• _Data to process_

______________________________

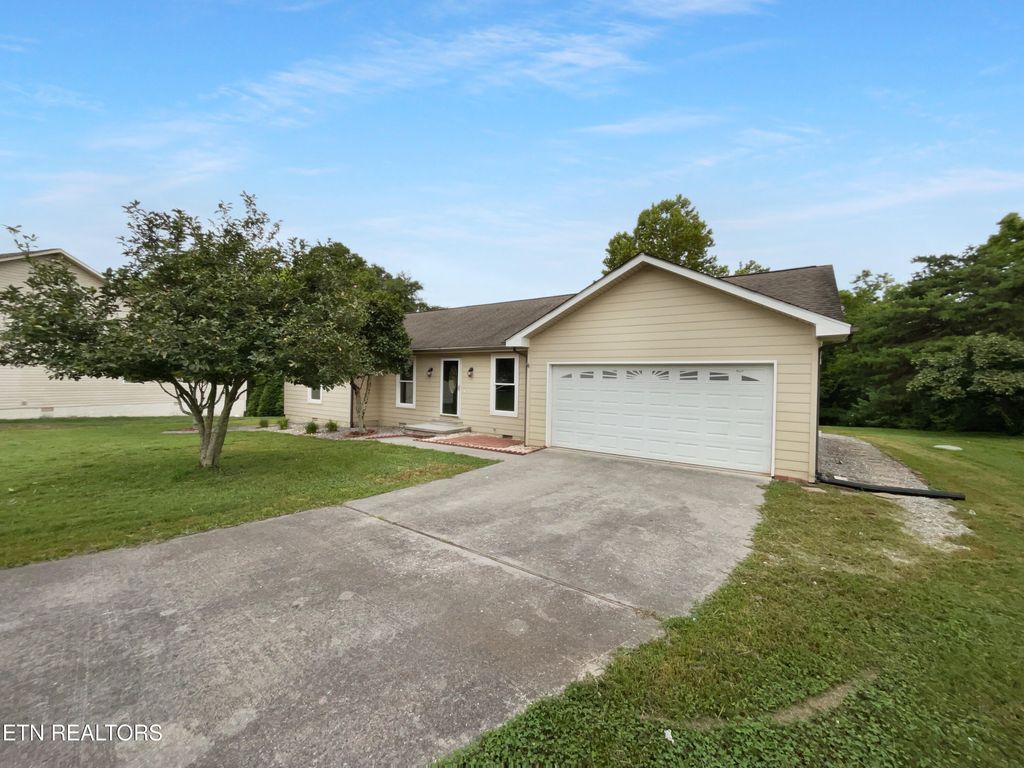 Photo of 322 Chatuga Lane, Loudon, TN 37774 (MLS # 1317043)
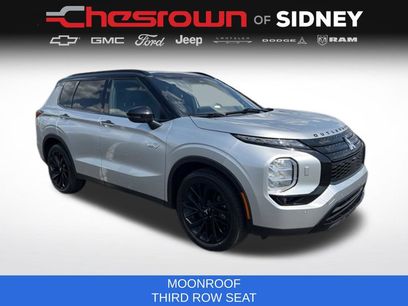 Used 2025 Mitsubishi Outlander 4WD Plug-In Hybrid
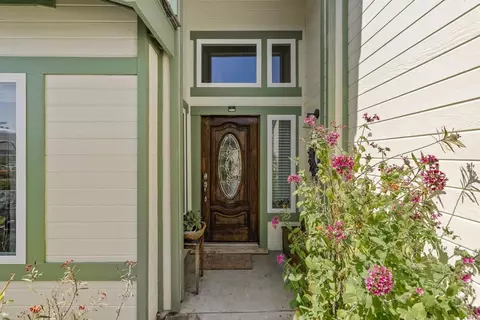 Entry Way - 13632 Janette Ln, Poway, CA 92064 photo 1 of 2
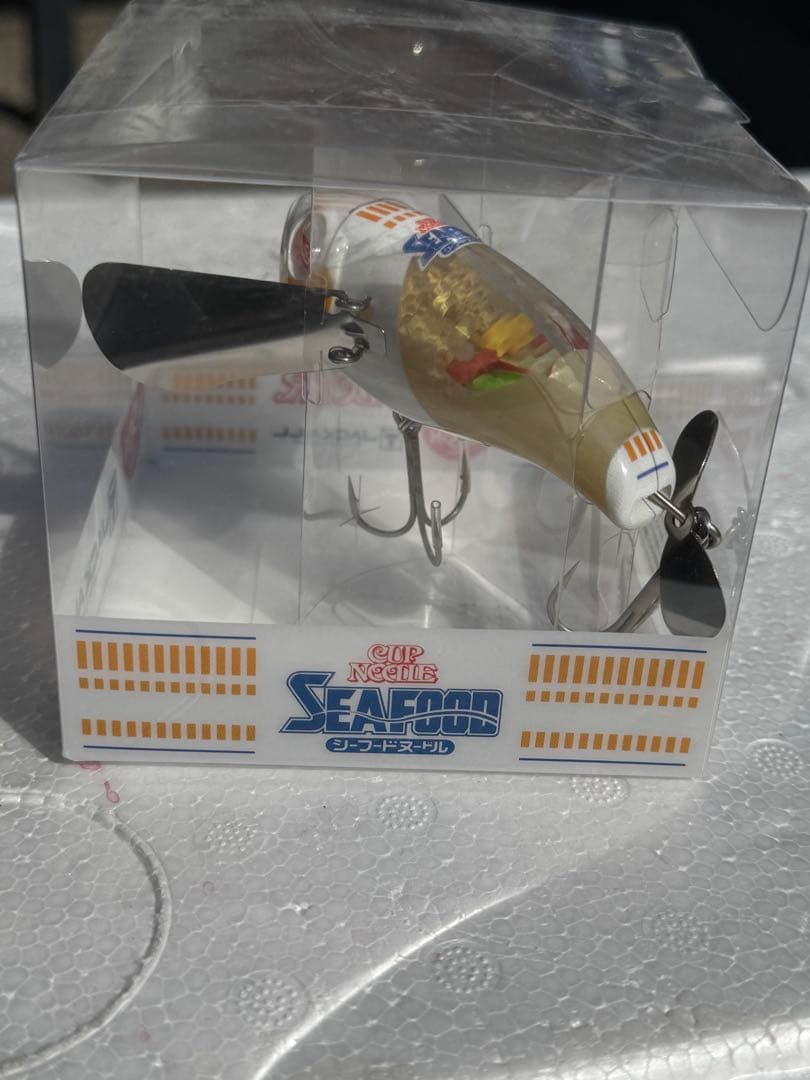 ジャッカル　ポンパドール　シーフードヌードル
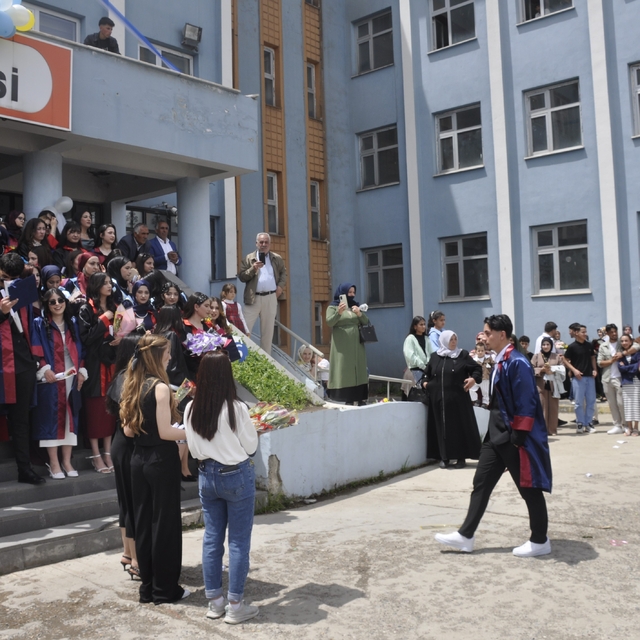 Bulanık Anadolu Lisesi'nde mezuniyet coşkusu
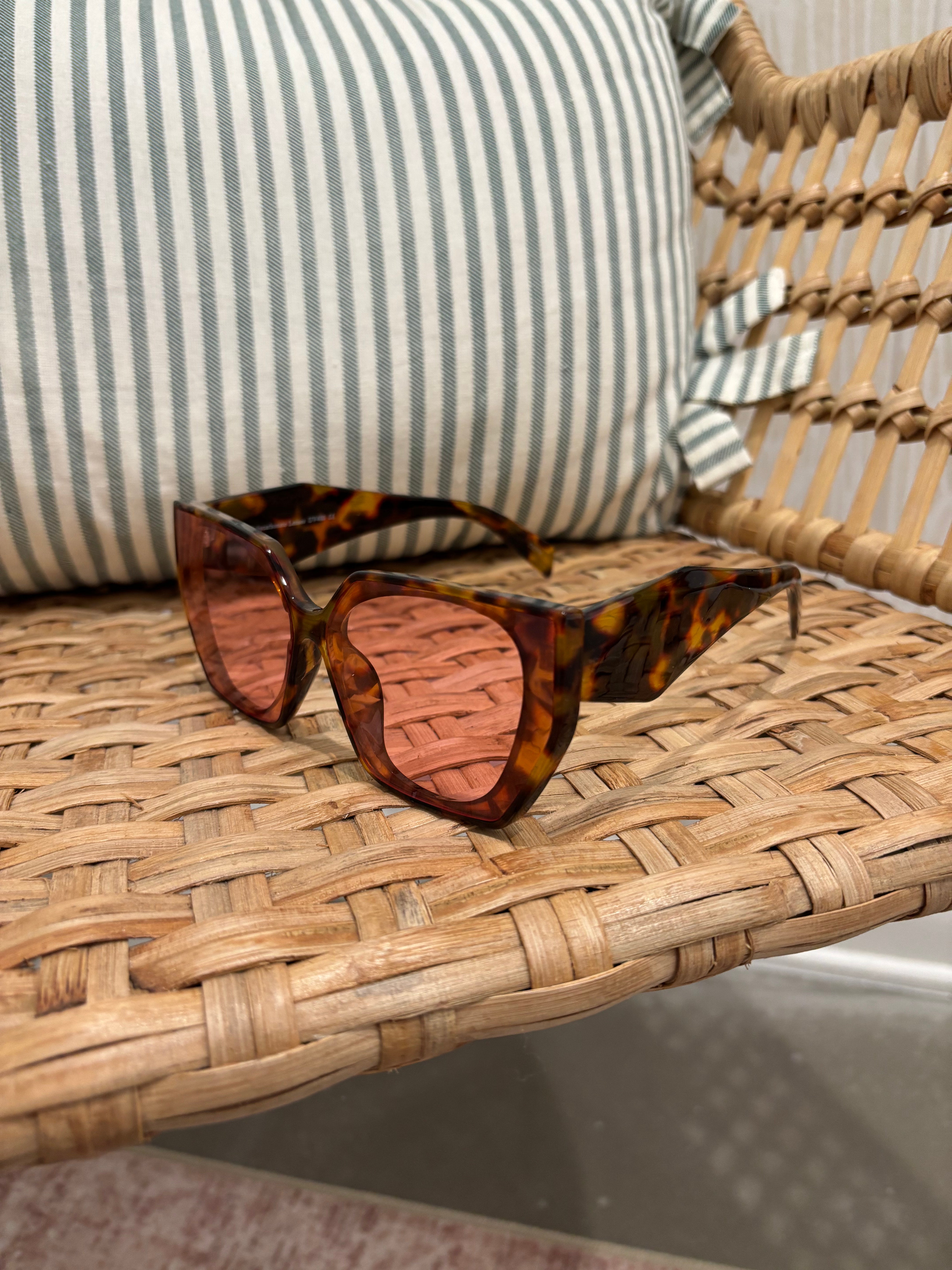 Rectangular Cat-Eye Sunglasses | Tortoise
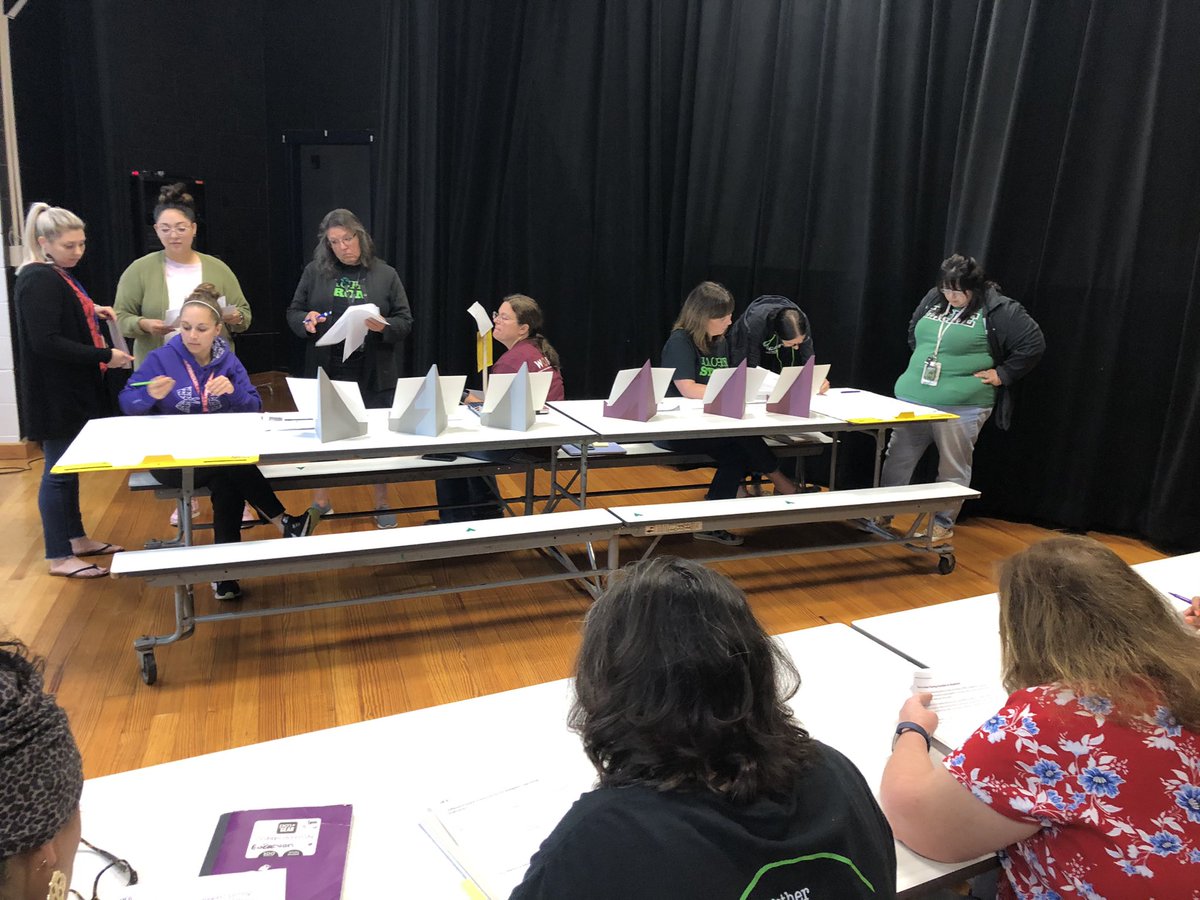 DanaWJames's tweet photo. Lots of learning taking place here @WedgeworthES this morning! #stationdifferentiation #WWstrong @CurriculumWISD @WaxahachieISD https://t.co/4mcgxtPjkh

______________________________

• _Requirement_
The response should be the lines from the one containing "Bulanık Anadolu Lisesi'nde mezuniyet coşkusu" through the final line of the records, reproduced exactly and with every picture left out.

• _Result of this task_
 Bulanık Anadolu Lisesi'nde mezuniyet coşkusu
 Rectangular Cat-Eye Sunglasses | Tortoise
 DanaWJames's tweet photo. Lots of learning taking place here @WedgeworthES this morning! #stationdifferentiation #WWstrong @CurriculumWISD @WaxahachieISD https://t.co/4mcgxtPjkh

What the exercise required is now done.